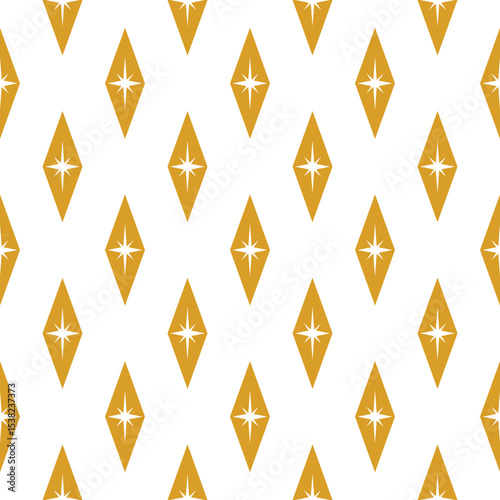 Seamless abstarct pattern with mid century retro diamond shapes and stars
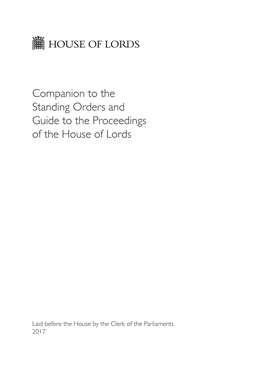 House of Lords Companion to the Standing Orders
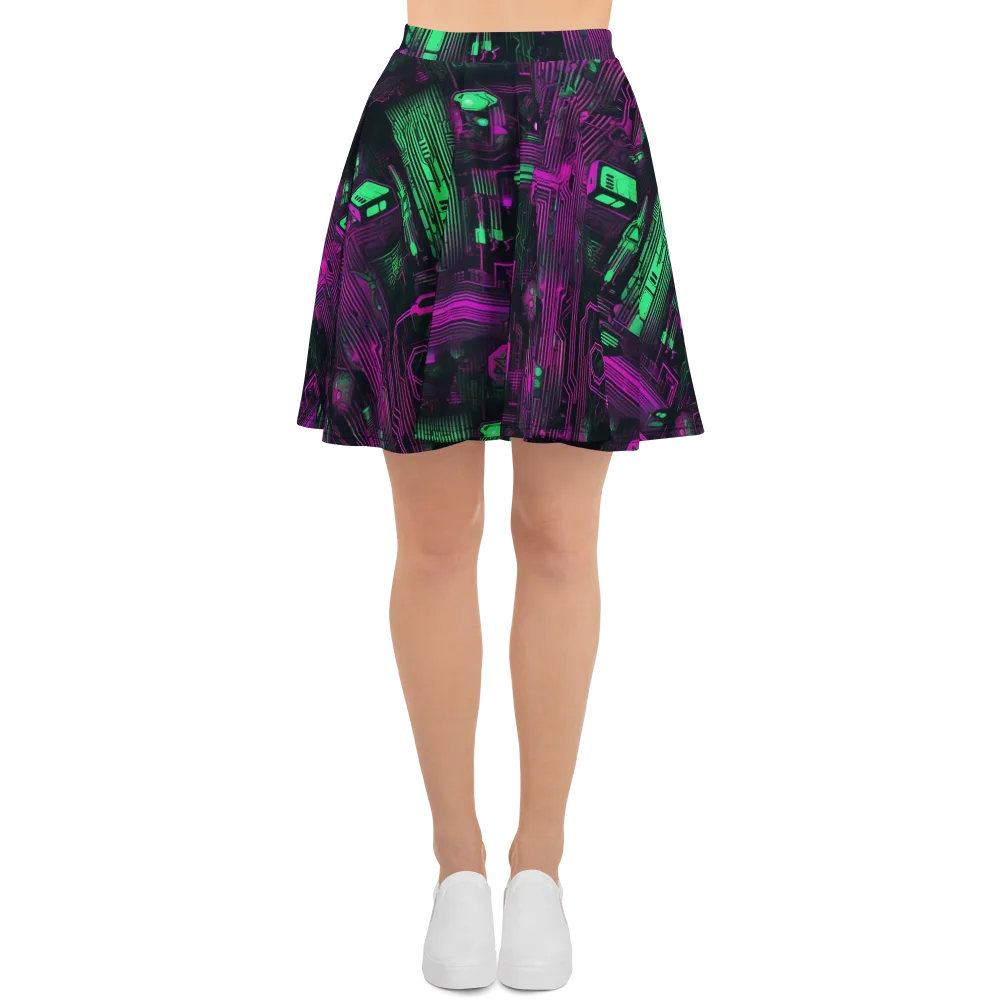 Synthwave Circuit on Skater Skirt — Front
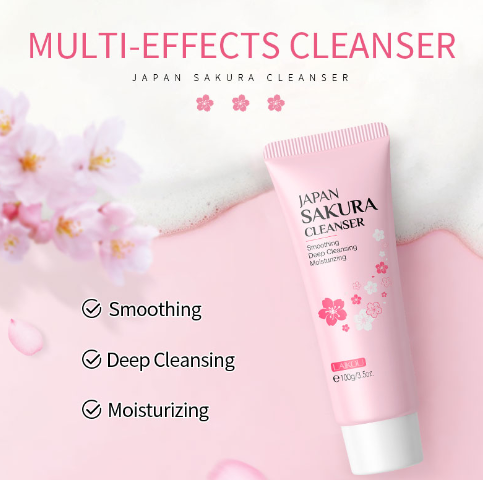 LAIKOU Japan Sakura Facial Cleanser Oil Control Cleansing Face Wash Cream Pore Clean 100G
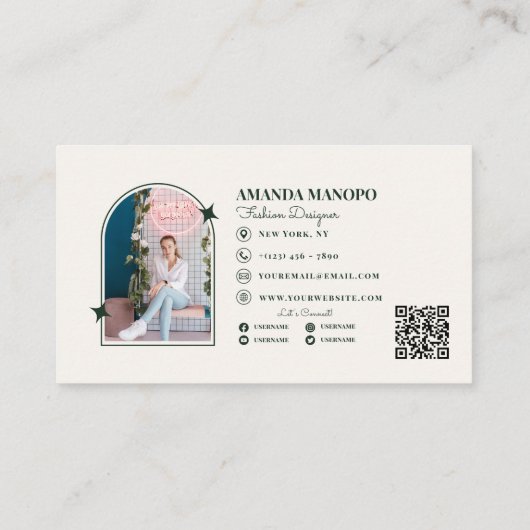 Mode Minimalistische Groen Scannable QR Code Zakel Visitekaartje (Achterkant)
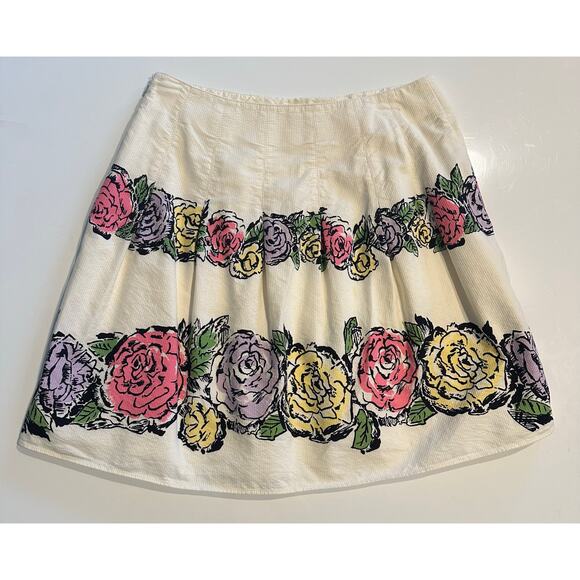 Ann Taylor LOFT Sz 4 Skirt Cotton Floral Cottagecore Preppy Folklore Shabby Chic - Picture 4 of 8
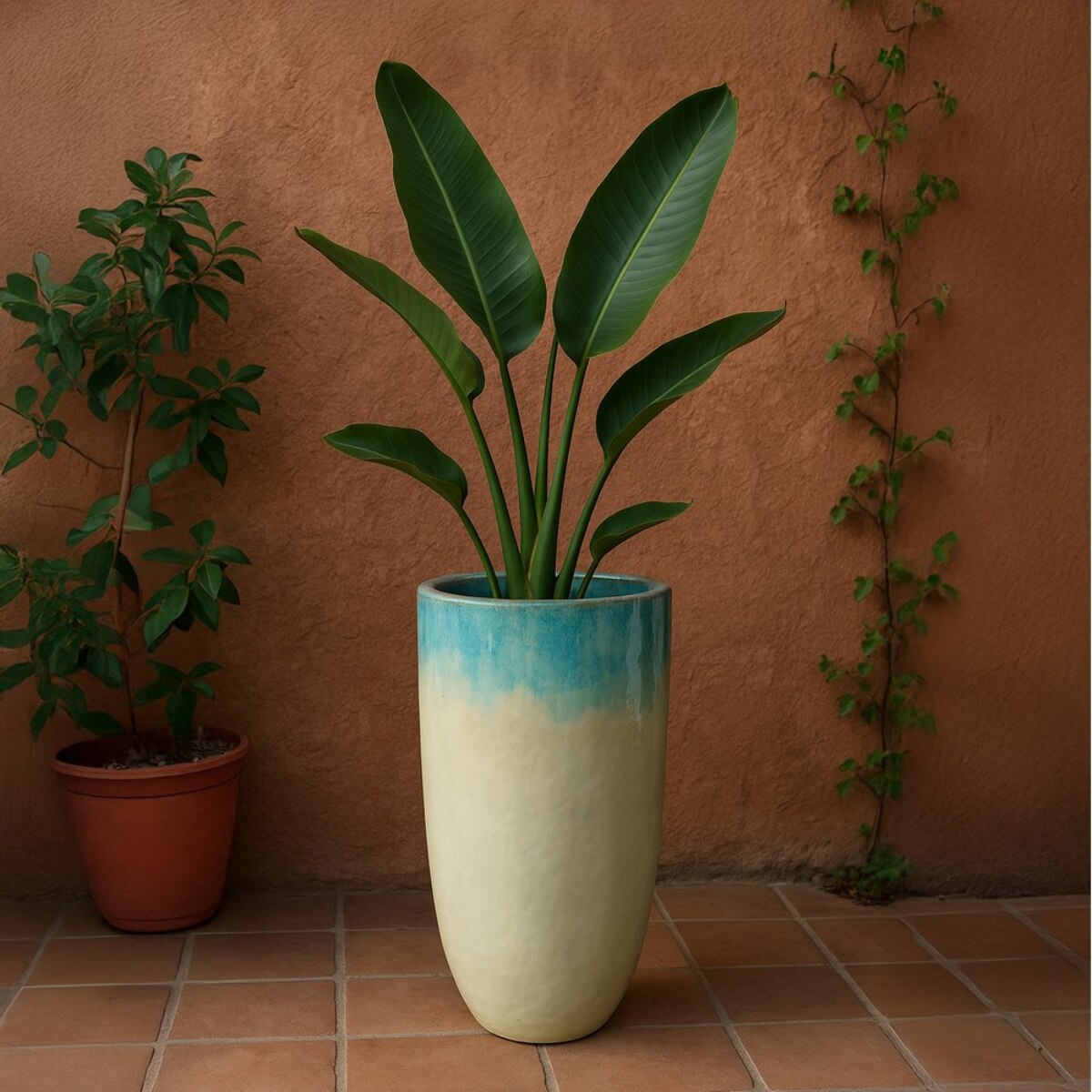 Vaso in ceramica smaltata con finitura bianca e celeste 46x78 cm - Real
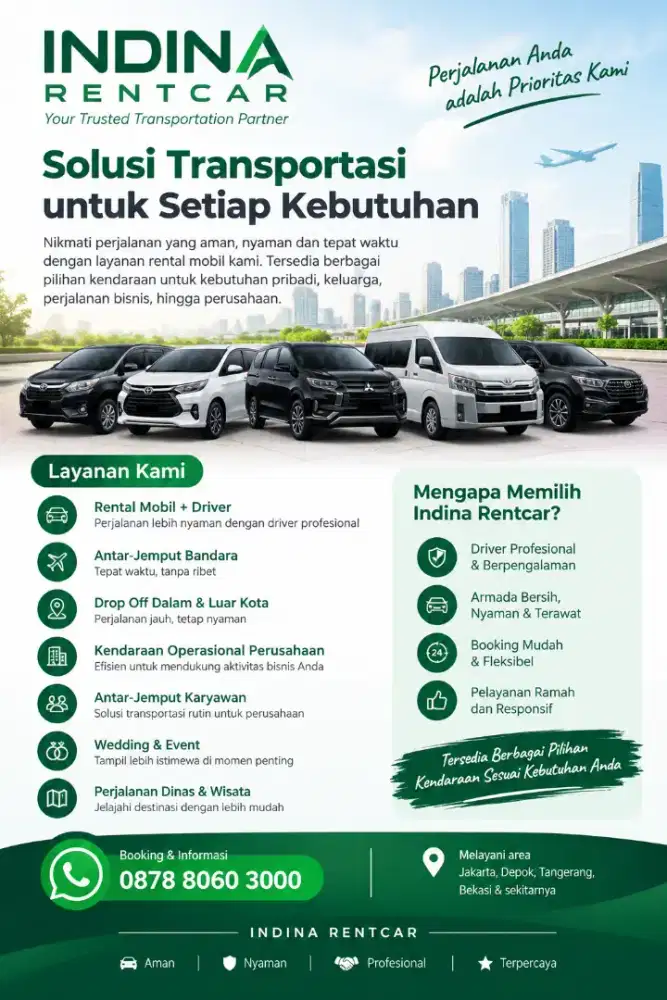 Sewa Mobil + Driver / Antar Jemput Bandara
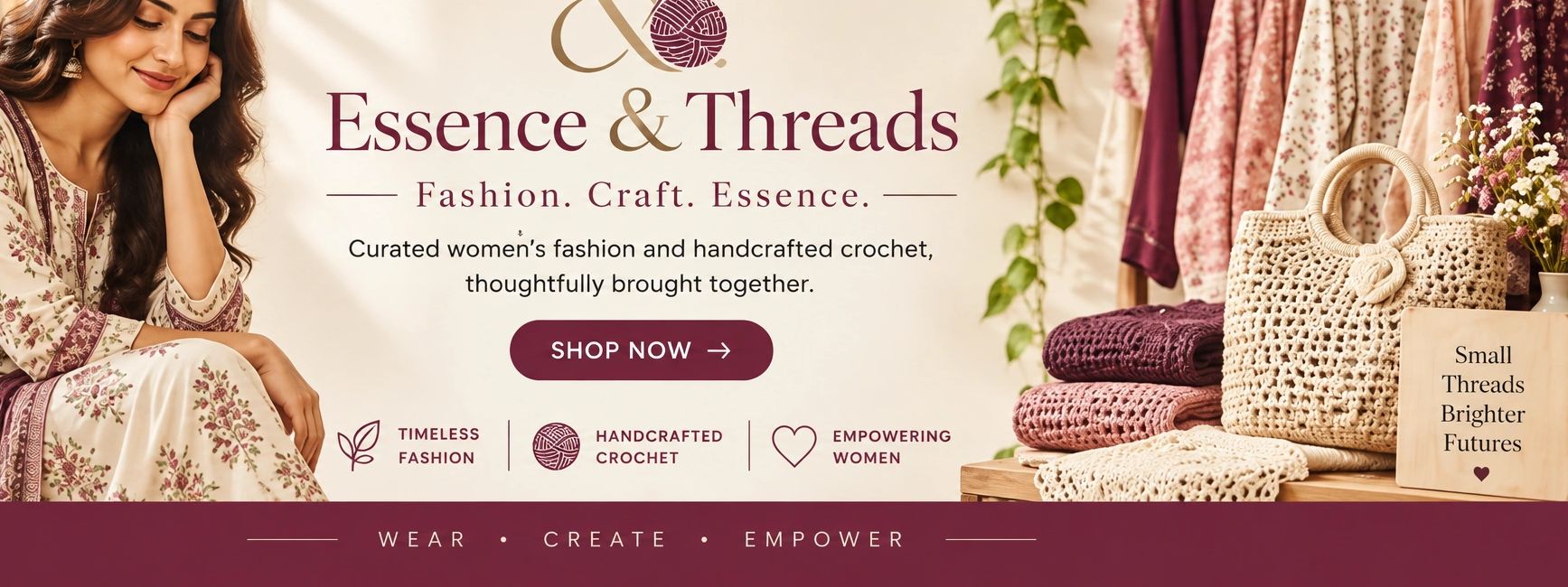 Essence & Threads women's fashion and handcrafted crochet collection, supporting women artisans.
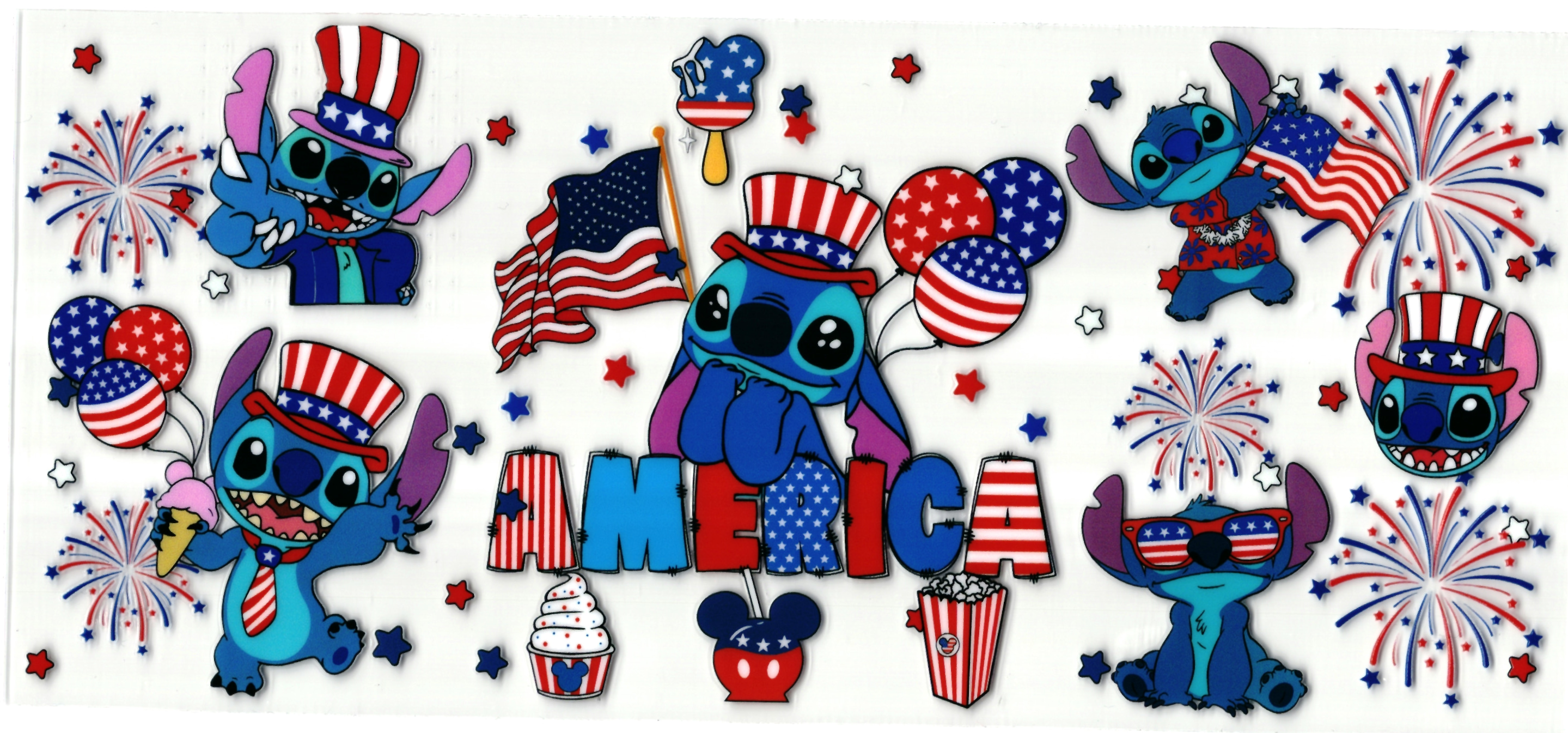UV DTF cup sticker Stitch - Angel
* * * *
WHAT THIS TASK INVOLVES. What is needed is a word-for-word copy of the data, minus its pictures.

RESULT BELOW.
 Seamless abstarct pattern with mid century retro diamond shapes and stars
 House of Lords Companion to the Standing Orders
 Synthwave Circuit on Skater Skirt — Front
 LAIKOU Japan Sakura Facial Cleanser Oil Control Cleansing Face Wash Cream Pore Clean 100G
 Mode Minimalistische Groen Scannable QR Code Zakel Visitekaartje (Achterkant)
 Ann Taylor LOFT Sz 4 Skirt Cotton Floral Cottagecore Preppy Folklore Shabby Chic - Picture 4 of 8
 Vaso in ceramica smaltata con finitura bianca e celeste 46x78 cm - Real
 Sewa Mobil + Driver / Antar Jemput Bandara
 Essence & Threads women's fashion and handcrafted crochet collection, supporting women artisans.
UV DTF cup sticker Stitch - Angel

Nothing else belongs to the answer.